Mary Winnefeld, wife of Navy Adm. James A. Winnefeld Jr., vice chairman of the Joint Chiefs of Staff, said she was fortunate to maintain her career through 17 years as a Navy wife, partly by having a supportive manager at SAIC that allowed her to relocate with the company multiple times.
Even then, Winnefeld said, there are sacrifices. “Maybe I didn’t always follow my career path, but I took part in profit sharing and retirement benefits,” she said.
Robert L. Gordon III, deputy assistant secretary of defense for military community and family policy, said the public-private partnership is “increasing quality career opportunities for our spouses” with the understanding from employers that spouses must relocate every two to three years.
“It is our hope that these jobs will travel with them around the nation and the world in the years ahead,” he said.
In a conference call with reporters earlier today, Dr. Jill Biden, wife of Vice President Joe Biden, said she was motivated to create the program as part of her Joining Forces campaign with First Lady Michelle Obama, after the pair’s frequent trips to speak with military families. “There are two issues that come up over and over: education and employment,” she said.
Biden said she and Obama have made it a priority to help military spouses get and maintain employment.
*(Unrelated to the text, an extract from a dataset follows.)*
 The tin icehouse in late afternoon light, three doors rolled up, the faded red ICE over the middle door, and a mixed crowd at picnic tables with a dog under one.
Part of that, she said, is their goal of having every state legislature adopt transfer agreements for military spouses’ professional licenses by 2014.
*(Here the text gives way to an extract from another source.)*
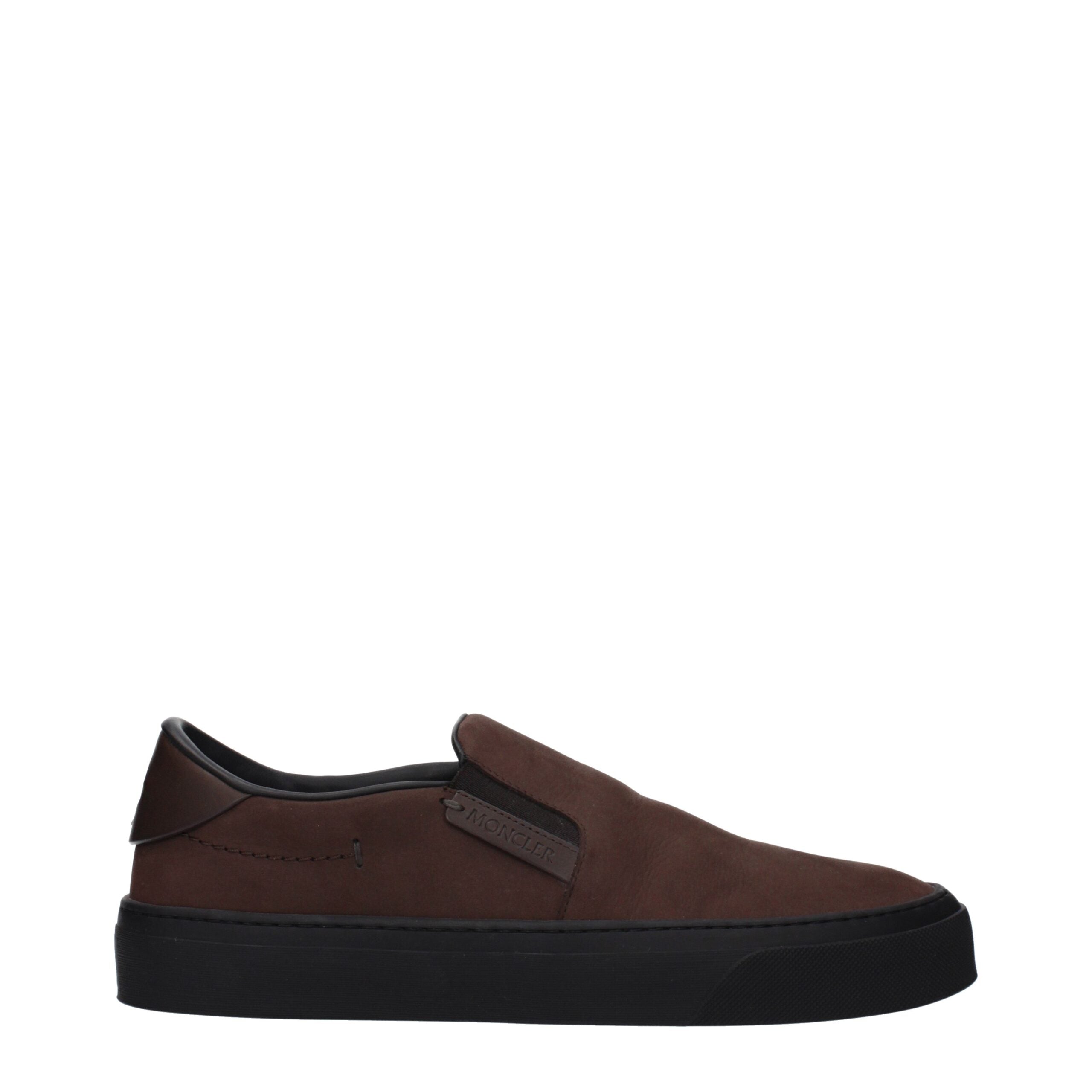 Experience the Moncler Brown Leather Slip-On Loafers, where exquisite craftsmanship meets timeless elegance, enveloping your feet in luxurious comfort for any occasion.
“If you’re looking for hard-working, dedicated employees, our military spouses are who you are looking for,” Biden said.
Gordon said the partnership is designed to give spouses broad employment opportunities and not just a job, but a career. Employer partners sign on to a memo of understanding “that we’re not just talking about jobs, we’re talking about careers,” he said.
That understanding is verified through the sponsors’ follow-up meetings, document and data collection from employers and spouses, and mentoring, Gordon said.
Also, he said, “We have a commitment that they can keep their jobs and transfer with companies.”
“If a company is not in a position for its jobs to be portable, we don’t encourage them” to become partners, Navy Capt. Brad Cooper, director of Joining Forces, said.
Spouses’ satisfaction is important to military readiness and retention, Rooney said. “We know from experience that when we invest in military spouses, we invest in the military and in the nation,” she said.